Итак, очевидно, что для преодоления парадоксального постколониального состояния наших humanities необходимо систематическое выявление властных и идеологических механизмов, его поддерживающих. С другой стороны, следует более критично относиться к остаточной телеологии модернизации, к представлению о некой полной интеграции с международным контекстом. Несомненно, подобный инвариант неотложенного «присутствия» (в смысле «презентоцентризма» Ж. Деррида) в этом контексте содержит в себе метафизический и утопический элемент.
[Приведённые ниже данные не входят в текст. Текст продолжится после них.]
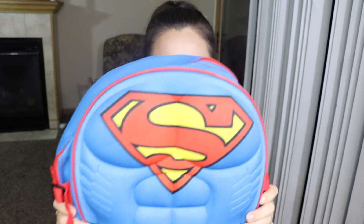This backpack is made very well — it's heavy duty and durable. If you have a child who absolutely loves their superheroes, I highly recommend this backpack. If you're interested, I'll leave the link to this awesome backpack down in the description box below.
Возможно, следует обратиться к другим моделям, которые отправляются от de facto более гетерогенного и фрагментированного состояния современного мира, чем его бинарное или тринитарное деление. Так, ведущие теоретики последнего поколения школы миросистемного анализа, например Джованни Арриги (Giovanni Arrighi), утверждают, что центр мировой экономической гегемонии в настоящий исторический момент трансформируется и меняет свое местоположение. В условиях «глобального переходного периода», связанного с ослаблением экономической и политической гегемонии традиционных стран-лидеров «центра» (т.е. Запада), прежние распределения миросистемы ослабляются.[6] Эту же тенденцию на философском уровне выражают и авторы «Империи» А. Негри и М. Хардт (Michael Hardt, Antonio Negri), выявляя в зоне политико-экономического «центра» скрытые области «периферии» и vice versa. В таких условиях и интернационализация производства знания, возможно, также будет носить более гетерогенный и фрагментированный характер, не подчиняясь тотализирующей модели «догоняющего развития» и не выстраиваясь вокруг национально центрированных академических сред. Предметом критики в этой ситуации должны становиться не только гегемониальные и «колонизаторские» претензии отдельных академических сообществ, но и попытки монополизации, искусственного сужения каналов распространения знания и взаимодействия его продуцентов.